Data for processing Block Start

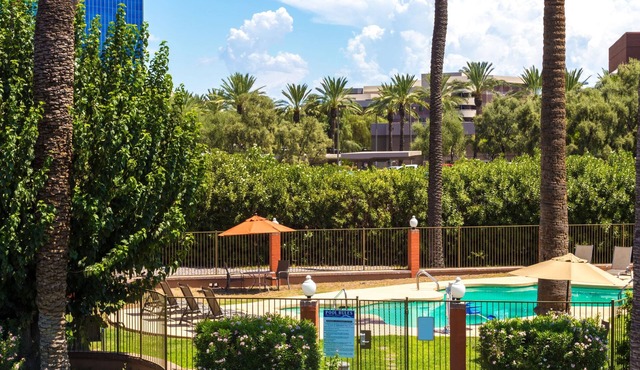 Howard Johnson by Wyndham Phoenix Airport/Downtown Area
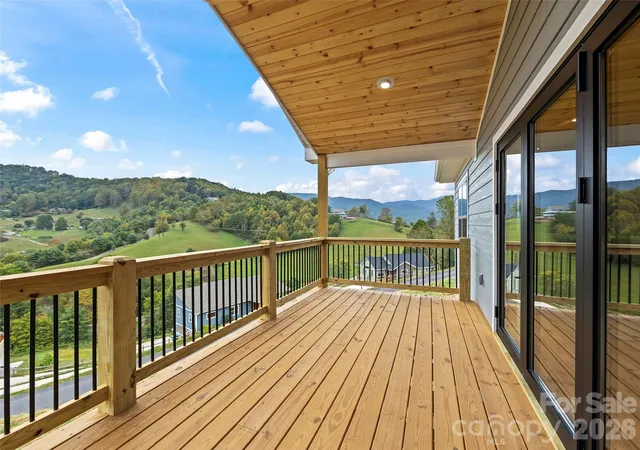 Photo 3 of Single family home for sale at 210 Aster Ridge Dr, Waynesville, NC 28786 | MLS# 4431858 | Listing updated on 2026-10-08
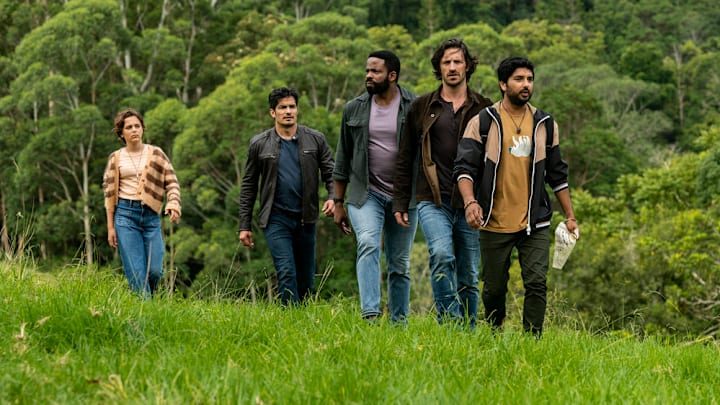 LA BREA -- "Sierra" Episode 301 -- Pictured: (l-r) Asmara Feik as Petra, Nicholas Gonzalez as Levi, Chiké Okonkwo as Ty, Eoin Macken as Gavin, Rohan Mirchandaney as Scott -- (Photo by: Mark Taylor/NBC)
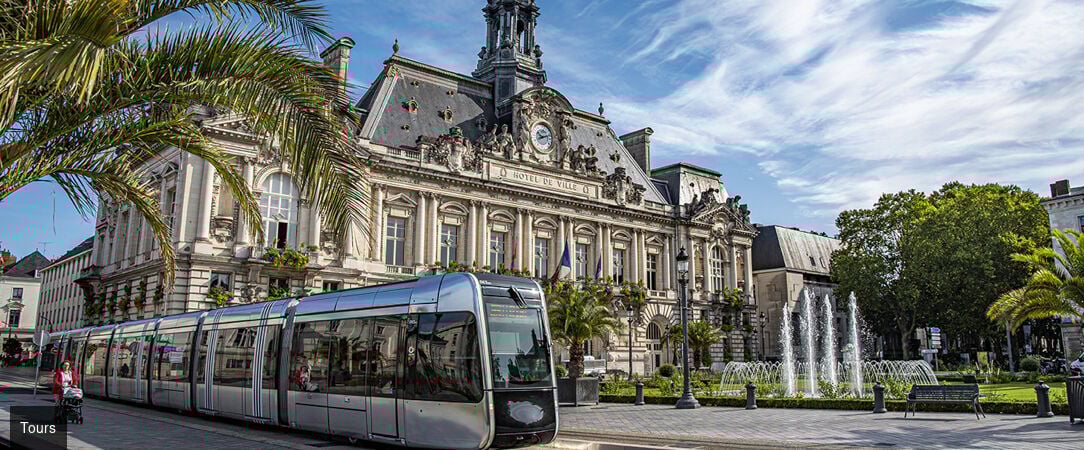 Novotel Tours Centre Gare ★★★★ - Un hôtel VeryChic pour visiter les trésors de Tours & du Val de Loire. - Tours, France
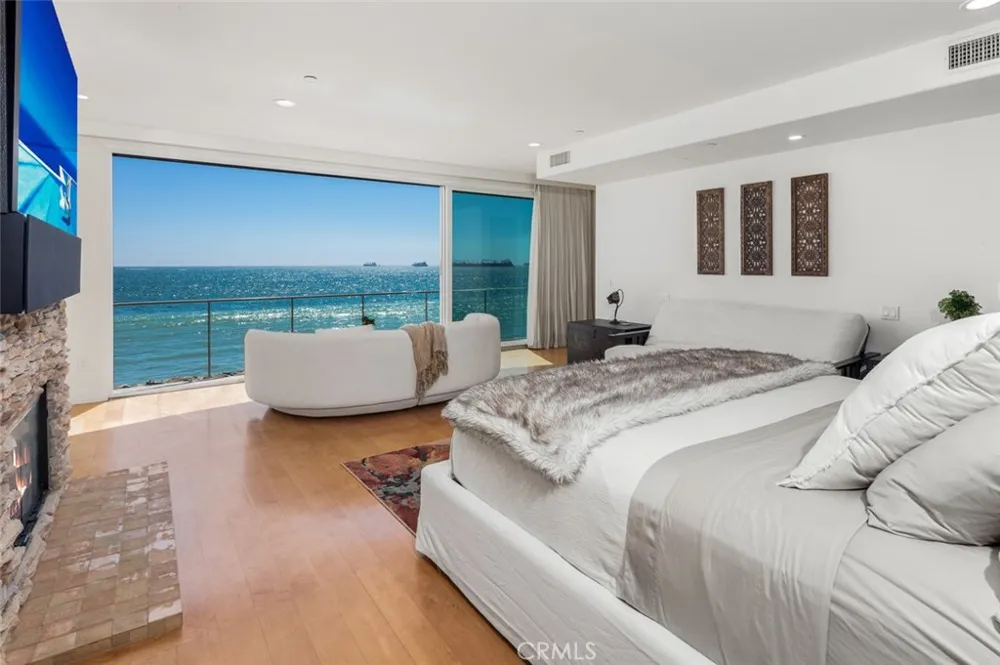 6519 E Seaside Walk #21 Long Beach, CA 90803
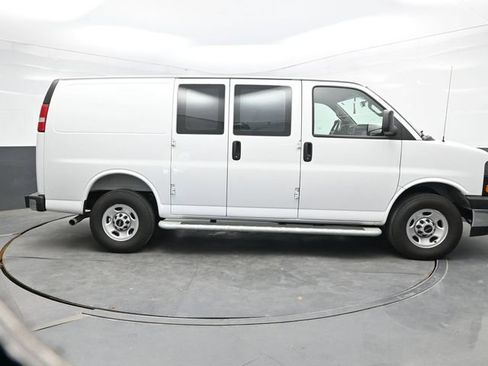 Used 2025 GMC Savana 2500 w/ Driver Convenience Package RWD image 9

Data for processing Block End

Return nothing but the lines running from the start of the data to the line with "Photo 3 of Single", please, both ends included and no pictures.

 Howard Johnson by Wyndham Phoenix Airport/Downtown Area
 Photo 3 of Single family home for sale at 210 Aster Ridge Dr, Waynesville, NC 28786 | MLS# 4431858 | Listing updated on 2026-10-08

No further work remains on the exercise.